*Exercise*:
From the line with "Có nên cho chó" to the line with "Dit Een Zijaanzicht", retype every line exactly, including those two, and leave out the rest of the data below.

*Given records*:
______

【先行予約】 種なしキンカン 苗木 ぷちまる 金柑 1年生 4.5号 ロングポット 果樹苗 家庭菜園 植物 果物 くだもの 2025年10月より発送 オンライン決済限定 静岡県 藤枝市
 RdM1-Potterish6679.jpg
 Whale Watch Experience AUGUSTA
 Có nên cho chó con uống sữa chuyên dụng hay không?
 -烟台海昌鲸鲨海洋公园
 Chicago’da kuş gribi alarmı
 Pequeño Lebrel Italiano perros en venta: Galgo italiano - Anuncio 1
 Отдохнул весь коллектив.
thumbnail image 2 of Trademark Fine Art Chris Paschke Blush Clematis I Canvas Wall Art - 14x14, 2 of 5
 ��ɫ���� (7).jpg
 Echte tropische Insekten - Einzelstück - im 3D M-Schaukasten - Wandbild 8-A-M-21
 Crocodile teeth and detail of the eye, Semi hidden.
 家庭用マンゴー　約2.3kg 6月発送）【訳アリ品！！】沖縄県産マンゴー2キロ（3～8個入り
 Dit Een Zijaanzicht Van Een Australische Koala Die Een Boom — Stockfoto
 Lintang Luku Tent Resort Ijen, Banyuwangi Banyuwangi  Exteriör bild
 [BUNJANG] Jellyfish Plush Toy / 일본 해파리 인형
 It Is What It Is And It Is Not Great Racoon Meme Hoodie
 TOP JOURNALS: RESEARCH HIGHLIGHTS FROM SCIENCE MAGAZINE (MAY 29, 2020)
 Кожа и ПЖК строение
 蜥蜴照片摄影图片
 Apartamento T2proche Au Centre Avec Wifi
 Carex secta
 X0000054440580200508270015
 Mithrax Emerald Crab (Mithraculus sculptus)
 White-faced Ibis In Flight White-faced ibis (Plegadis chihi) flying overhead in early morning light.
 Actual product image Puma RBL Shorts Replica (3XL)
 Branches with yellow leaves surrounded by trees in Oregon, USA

______

*Answer area*:
 Có nên cho chó con uống sữa chuyên dụng hay không?
 -烟台海昌鲸鲨海洋公园
 Chicago’da kuş gribi alarmı
 Pequeño Lebrel Italiano perros en venta: Galgo italiano - Anuncio 1
 Отдохнул весь коллектив.
thumbnail image 2 of Trademark Fine Art Chris Paschke Blush Clematis I Canvas Wall Art - 14x14, 2 of 5
 ��ɫ���� (7).jpg
 Echte tropische Insekten - Einzelstück - im 3D M-Schaukasten - Wandbild 8-A-M-21
 Crocodile teeth and detail of the eye, Semi hidden.
 家庭用マンゴー　約2.3kg 6月発送）【訳アリ品！！】沖縄県産マンゴー2キロ（3～8個入り
 Dit Een Zijaanzicht Van Een Australische Koala Die Een Boom — Stockfoto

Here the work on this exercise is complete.